I am only an email or phone call (web site contact) away for those desiring support in the pursuit of better outcomes.

Barry Friedberg

I just read the first thread -- very interesting. Why was aghast1 banned? I thought his ideas (based on this post) were pretty good and sound. I like them. No opioids. clonidine presedation. Titrate propofol to BIS and keep the patient breathing - then use some ketamine for analgesia and he says disassociation. Pretty nifty idea.

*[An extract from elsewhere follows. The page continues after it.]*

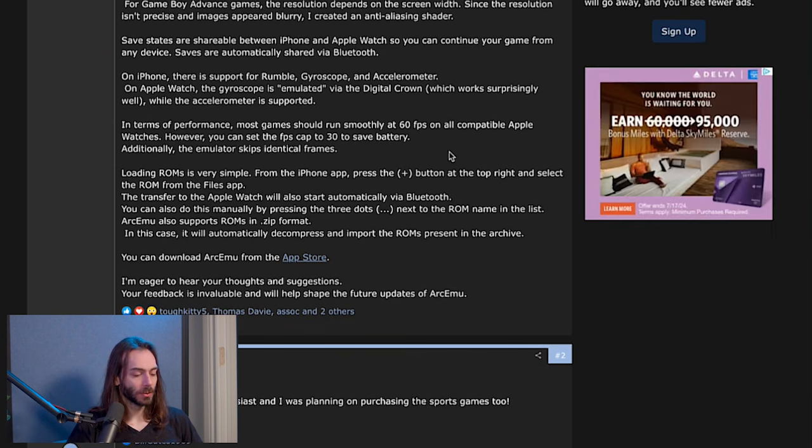I guess Accelerometer would be like WarioWare. In terms of performance, most games should run relatively smooth — 60 frames a second on compatible Apple Watches. However, you can set the FPS cap to 30 to save battery. Additionally, the emulator skips identical frames. Loading ROMs is very simple. It's $2 on the App Store — I just looked it up. $2.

In fact, he probably was a victim of his huge success. He was so good at titrating - keeping the patient spontaneously breathing, etc - that when he had a problem, he probably couldn't get himself to believe it. 15 years of doing the same thing, getting excellent results - it would be hard to then accept that this one single patient stopped breathing and was having trouble.
 
This is more evidence that Friedberg was and is too flippant about inserting an airway such as an LMA when using his Ketafol. I actually enjoyed his posts and began using Ketamine/Propofol quite frequently a few years back as a result of his posts. Where we disagreed was over the insertion of an LMA or ETT for many "deep sedation" cases that Barry felt simply warranted a nasal cannula. He also used the BIS too much for my tastes but I suspect secondary gain for much of his BIS propaganda.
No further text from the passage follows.